# Your task:
Retype, word for word, every line of the records below starting at the one that contains "火箭|中国睡眠经济，如何跑出火箭的速度？" and ending at the one that contains "성년후견 신청 절차와 상담 장면을 보여주는 이미지"; include both of those lines and nothing more.

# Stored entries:

==*==

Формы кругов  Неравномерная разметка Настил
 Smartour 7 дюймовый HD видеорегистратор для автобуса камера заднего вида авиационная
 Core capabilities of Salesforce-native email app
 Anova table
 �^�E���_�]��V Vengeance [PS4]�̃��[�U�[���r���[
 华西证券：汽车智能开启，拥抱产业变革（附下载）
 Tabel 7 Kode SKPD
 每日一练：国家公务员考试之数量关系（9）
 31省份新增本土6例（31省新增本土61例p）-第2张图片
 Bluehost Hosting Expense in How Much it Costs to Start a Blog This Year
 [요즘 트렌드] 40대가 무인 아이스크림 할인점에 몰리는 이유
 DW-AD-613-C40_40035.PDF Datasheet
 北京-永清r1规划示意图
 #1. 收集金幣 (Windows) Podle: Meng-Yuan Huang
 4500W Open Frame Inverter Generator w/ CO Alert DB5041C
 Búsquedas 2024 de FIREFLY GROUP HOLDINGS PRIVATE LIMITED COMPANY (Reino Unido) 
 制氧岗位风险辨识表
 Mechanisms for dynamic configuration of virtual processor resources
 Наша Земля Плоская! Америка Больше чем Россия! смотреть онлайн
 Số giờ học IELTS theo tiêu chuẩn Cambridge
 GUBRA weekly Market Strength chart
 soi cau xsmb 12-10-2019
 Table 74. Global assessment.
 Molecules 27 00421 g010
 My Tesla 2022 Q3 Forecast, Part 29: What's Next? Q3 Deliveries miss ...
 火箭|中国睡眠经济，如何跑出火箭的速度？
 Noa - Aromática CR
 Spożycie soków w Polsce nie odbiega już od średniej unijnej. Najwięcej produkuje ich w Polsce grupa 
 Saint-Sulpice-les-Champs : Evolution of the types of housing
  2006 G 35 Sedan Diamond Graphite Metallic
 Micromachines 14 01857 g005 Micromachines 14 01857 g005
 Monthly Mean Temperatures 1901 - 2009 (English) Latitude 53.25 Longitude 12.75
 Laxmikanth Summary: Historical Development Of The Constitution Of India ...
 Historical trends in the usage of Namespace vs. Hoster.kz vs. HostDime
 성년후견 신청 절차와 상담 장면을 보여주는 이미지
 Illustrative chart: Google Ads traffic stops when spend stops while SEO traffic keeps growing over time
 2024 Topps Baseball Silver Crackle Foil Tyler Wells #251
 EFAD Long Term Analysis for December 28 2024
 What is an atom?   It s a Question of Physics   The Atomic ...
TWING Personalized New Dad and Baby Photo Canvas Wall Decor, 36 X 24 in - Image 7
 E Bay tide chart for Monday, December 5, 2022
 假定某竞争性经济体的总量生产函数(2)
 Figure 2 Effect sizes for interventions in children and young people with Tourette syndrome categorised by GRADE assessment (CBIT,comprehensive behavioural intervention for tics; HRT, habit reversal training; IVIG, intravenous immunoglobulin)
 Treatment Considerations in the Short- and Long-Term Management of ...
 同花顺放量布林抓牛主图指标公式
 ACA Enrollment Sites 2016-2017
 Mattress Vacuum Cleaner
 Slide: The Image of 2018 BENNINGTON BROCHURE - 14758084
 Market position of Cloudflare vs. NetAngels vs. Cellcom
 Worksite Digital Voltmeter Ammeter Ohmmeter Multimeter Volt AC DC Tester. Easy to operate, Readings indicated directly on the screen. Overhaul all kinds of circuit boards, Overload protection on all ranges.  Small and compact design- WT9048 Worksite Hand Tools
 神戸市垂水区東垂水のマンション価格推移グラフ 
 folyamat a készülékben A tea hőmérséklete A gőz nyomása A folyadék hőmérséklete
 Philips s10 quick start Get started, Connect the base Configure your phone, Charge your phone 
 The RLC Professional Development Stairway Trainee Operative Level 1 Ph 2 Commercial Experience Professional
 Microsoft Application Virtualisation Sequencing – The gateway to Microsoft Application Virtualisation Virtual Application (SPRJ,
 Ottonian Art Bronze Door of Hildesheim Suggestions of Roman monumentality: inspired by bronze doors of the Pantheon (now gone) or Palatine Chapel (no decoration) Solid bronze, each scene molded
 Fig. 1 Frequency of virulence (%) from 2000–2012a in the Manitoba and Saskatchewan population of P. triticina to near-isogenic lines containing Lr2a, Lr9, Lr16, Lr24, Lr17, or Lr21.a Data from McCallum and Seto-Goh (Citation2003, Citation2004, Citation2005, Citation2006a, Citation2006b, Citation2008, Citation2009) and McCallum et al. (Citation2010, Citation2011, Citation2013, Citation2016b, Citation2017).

==*==

# Written answer:
 火箭|中国睡眠经济，如何跑出火箭的速度？
 Noa - Aromática CR
 Spożycie soków w Polsce nie odbiega już od średniej unijnej. Najwięcej produkuje ich w Polsce grupa 
 Saint-Sulpice-les-Champs : Evolution of the types of housing
  2006 G 35 Sedan Diamond Graphite Metallic
 Micromachines 14 01857 g005 Micromachines 14 01857 g005
 Monthly Mean Temperatures 1901 - 2009 (English) Latitude 53.25 Longitude 12.75
 Laxmikanth Summary: Historical Development Of The Constitution Of India ...
 Historical trends in the usage of Namespace vs. Hoster.kz vs. HostDime
 성년후견 신청 절차와 상담 장면을 보여주는 이미지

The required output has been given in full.